The query result format is in the following example:
Ads table:
+-------+---------+---------+
| ad_id | user_id | action |
+-------+---------+---------+
| 1 | 1 | Clicked |
| 2 | 2 | Clicked |
| 3 | 3 | Viewed |
| 5 | 5 | Ignored |
| 1 | 7 | Ignored |
| 2 | 7 | Viewed |
| 3 | 5 | Clicked |
| 1 | 4 | Viewed |
| 2 | 11 | Viewed |
| 1 | 2 | Clicked |
+-------+---------+---------+
Here's a fiddle with the sample data and my attempted solution. Attempted solution reproduced below:
SELECT DISTINCT t.ad_id, ROUND(
IF(
COUNT(c.ad_id) OVER (PARTITION BY t.ad_id) = 0,
0,
COUNT(c.ad_id) OVER (PARTITION BY t.ad_id) * 100 / ( COUNT(c.ad_id) OVER (PARTITION BY t.ad_id) + COUNT(v.ad_id) OVER (PARTITION BY t.ad_id) )
), 2) as ctr
FROM Ads as t
LEFT JOIN Ads as c ON c.ad_id=t.ad_id AND c.user_id=t.user_id AND c.action='Clicked'
LEFT JOIN Ads as v ON v.ad_id=t.ad_id AND v.user_id=t.user_id AND v.action='Viewed'
GROUP BY t.ad_id, c.ad_id, v.ad_id
ORDER BY ctr DESC, t.ad_id
Result from this query:
ad_id ctr
1 50.00
2 50.00
3 50.00
5 0.00
The correct result should show:
ad_id ctr
1, 66.67
3, 50.00
2, 33.33
5, 0.00
From looking at the sample data, my guess is that COUNT() is not in fact partitioning by t.ad_id as I'd expect. The 50% CTR results can be explained by my CTR calc counting all 'Clicked' and all 'Viewed' instances in its calculation. (On the other hand, removing the OVER statements inside the CTR calculation - JUST the calculation, not the condition - doesn't produce the results above, as my hypothesis would suggest. So I'm not sure about this.)
Is there something wrong with the way I'm using OVER? Is my logic flawed here?

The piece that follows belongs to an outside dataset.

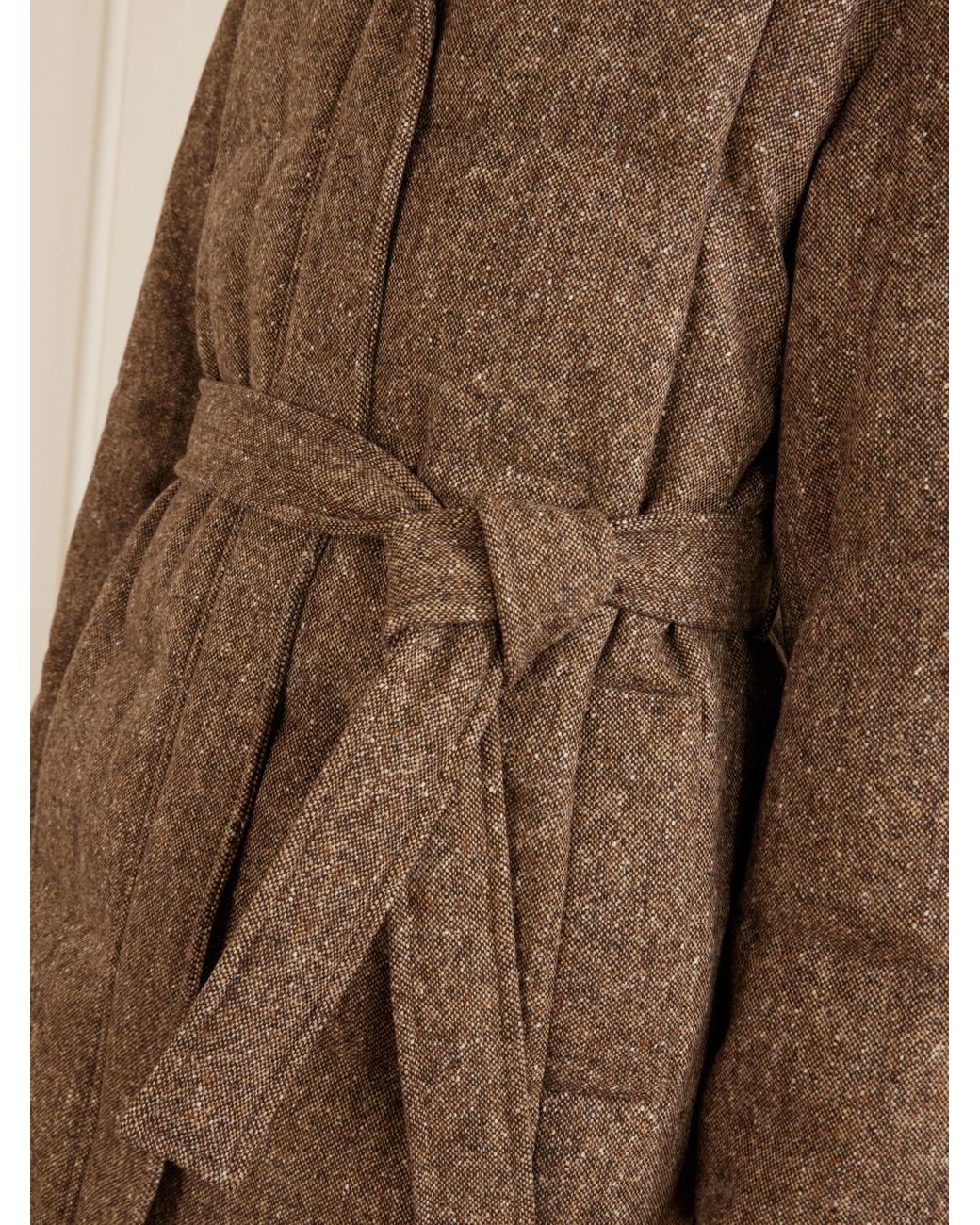 Brunello Cucinelli Brown Virgin Wool Donegal Down Coat With Shearling Inserts And Monili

Also, I have a bonus question: I'm choosing to use a JOIN here because I'm assuming that JOIN is faster than using subqueries. Is this a fair assumption? I'm studying for a Data Analyst 1 interview - do you think the interviewer will even care if I use a JOIN vs subquery?
Edit: Thanks to forpas' explanations, I was able to come up with a much simpler solution than my original. I think forpas' solution in his answer below may still be preferable since it explicitly deals with NULLs in the table.
SELECT ad_id, ROUND(IF(
SUM(action='Clicked') = 0,
0,
SUM(action='Clicked') * 100 / ( SUM(action='Clicked') + SUM(action='Viewed'))
), 2) as ctr
FROM Ads
GROUP BY ad_id
ORDER BY ctr DESC, ad_id